Second, we must consider the environment of the sensor. Environmental effects are perhaps the biggest contributor to measurement errors in most measurement systems.
Sensors, and indeed whole measurement systems, respond to their total environment, not just to the measurand. In extreme cases, the response to the combination of environments may be greater than the response to the desired measurand. One of the sensor designer's greatest challenges is to minimize the response to the environment and maximize the response to the desired measurand. Assessing the environment and estimating its effect on the measurement system is an extremely important part of the selection and application process.
The environment includes not only such parameters as temperature, pressure and vibration, but also the mounting or attachment of the sensor, electromagnetic and electrostatic effects, and the rates of change of the various environments. For ex ample, a sensor may be little affected by extreme temperatures, but may produce huge errors in a rapidly changing temperature ("thermal transient sensitivity").
Third, we must consider the requirements for accuracy (uncertainty) of the measurement. Often, we would like to achieve the lowest possible uncertainty, but that may not be economically feasible, or even necessary. How will the information derived from the measurement be used?
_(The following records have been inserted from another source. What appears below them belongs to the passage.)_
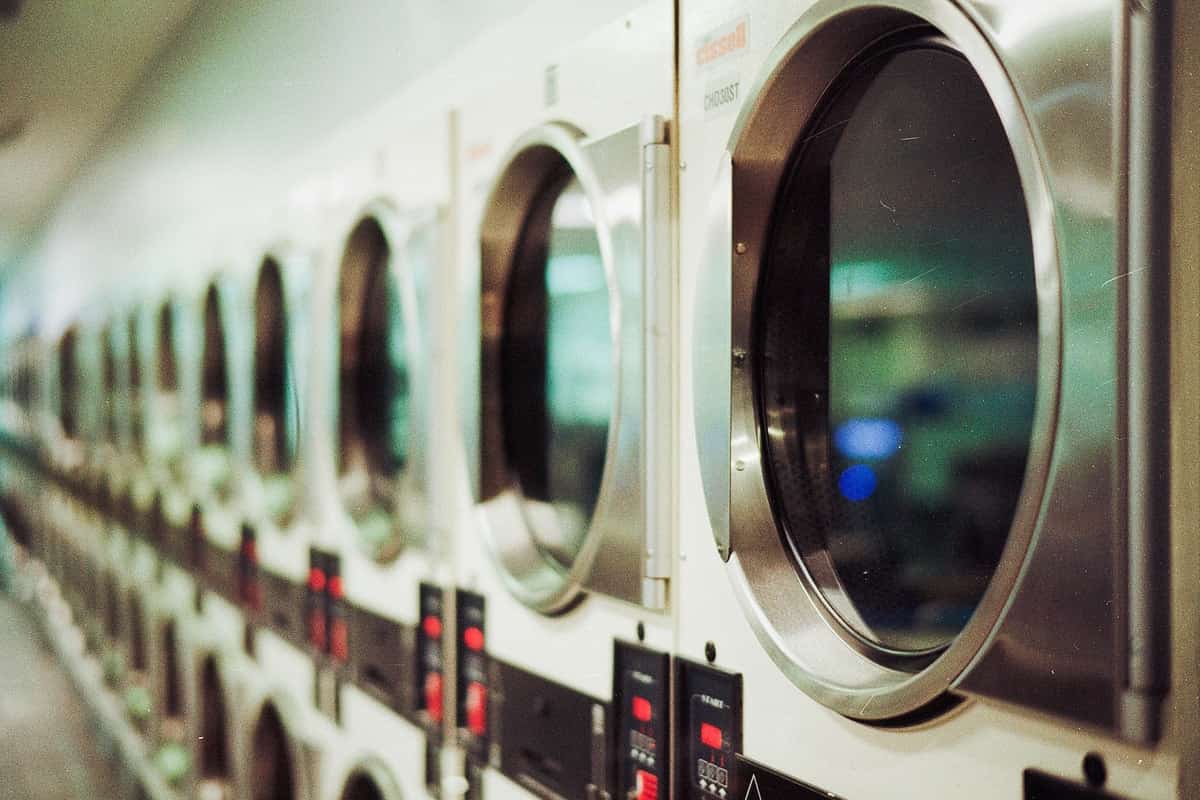 A long row of stainless steel laundromat dryers with round glass doors, fading out of focus.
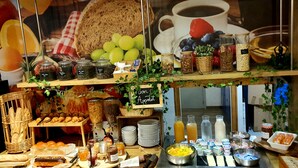 Een ontbijtbuffet met diverse etenswaren, zoals brood, gebak, fruit en drankjes.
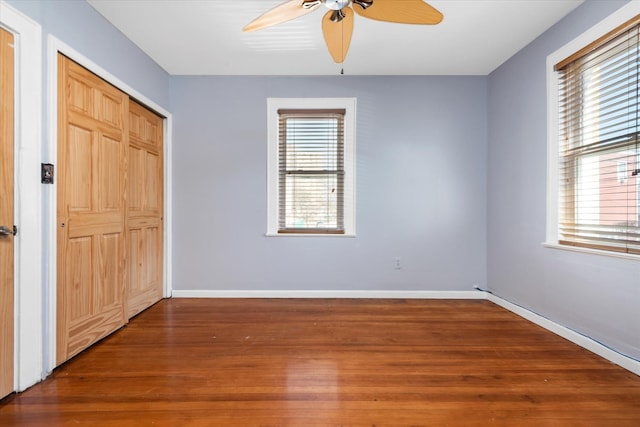 unfurnished bedroom featuring multiple windows, baseboards, and wood finished floors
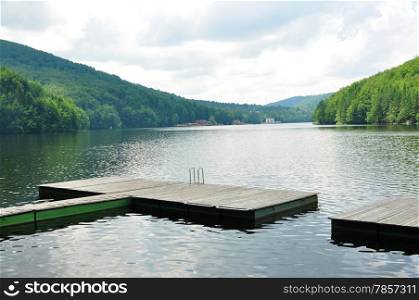 romania valiug village three waters gozna lake landscape pontoon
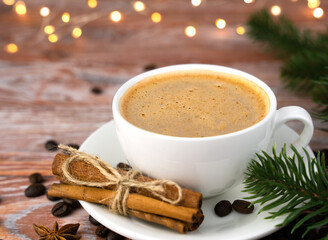 Cup of aromatic coffee on a wooden table. Christmas morning. Holiday. Close-up. Copy space. Selective focus.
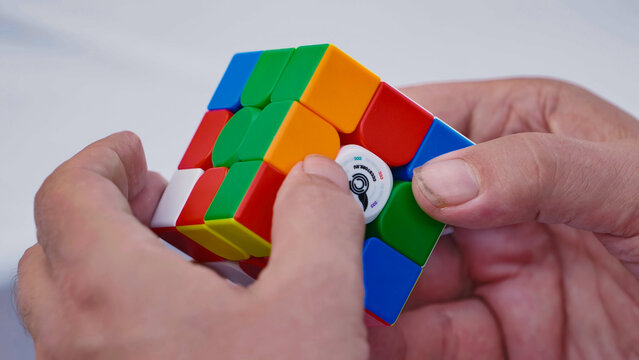 Moscow, Russia - July 5, 2025: Hands solving colorful Rubik's cube, logic game and intellectual challenge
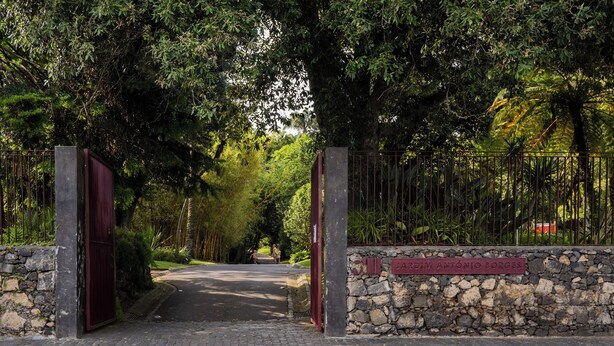 A paved pathway leading to a gated entrance with a stone wall and a sign reading "JARDIM ANTONIO BORGES". - Botanic Garden Duplex (Ponta Delgada)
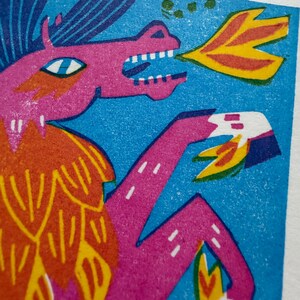 以下が含まれることがあります： 火を吹くドラゴンのカラフルなイラスト。 ドラゴンは、青い背景にピンク、オレンジ、黄色の色合いで描かれています。 このアートワークは、大胆な線とテクスチャのある外観を持つリノカットスタイルです。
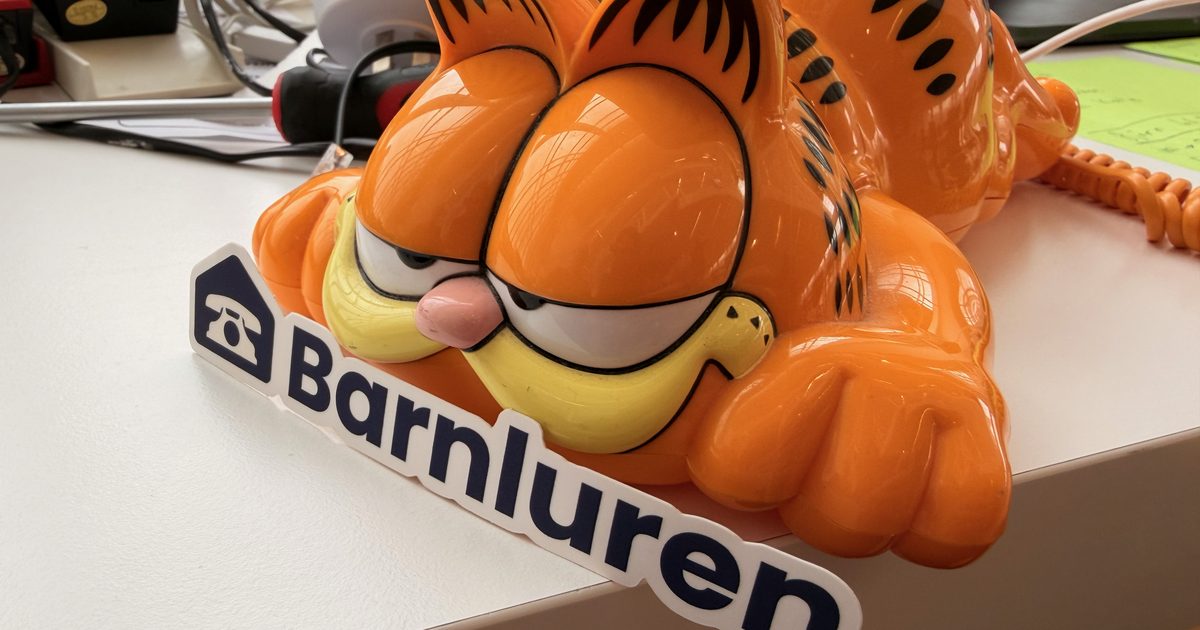 An orange vintage Garfield telephone lying on a table with its cord in view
Will it really make a difference, in the long run, whether the uncertainty is 1% or 1½%? Will highly accurate sensor data be obscured by inaccuracies in the signal conditioning or recording processes? On the other hand, many modern data acquisition systems are capable of much greater accuracy than the sensors making the measurement. A user must not be misled by thinking that high resolution in a data acquisition system will produce high accuracy data from a low accuracy sensor.
Last, but not least, the user must assure that the whole system is calibrated and trace able to a national standards organization (such as National Institute of Standards and Technology [NIST] in the United States). Without documented traceability, the uncertainty of any measurement is unknown. Either each part of the measurement system must be calibrated and an overall uncertainty calculated, or the total system must be calibrated as it will be used ("system calibration" or "end-to-end calibration").
Since most sensors don’t have any adjustment capability for conventional "calibration", a characterization or evaluation of sensor parameters is most often required. For the lowest uncertainty in the measurement, the characterization should be done with mounting and environment as similar as possible to the actual measurement conditions.
While this guide concentrates on sensor technology, a properly selected, calibrated, and applied sensor is necessary but not sufficient to assure accurate measurements.
The sensor must be carefully matched with, and integrated into, the total measurement system and its environment.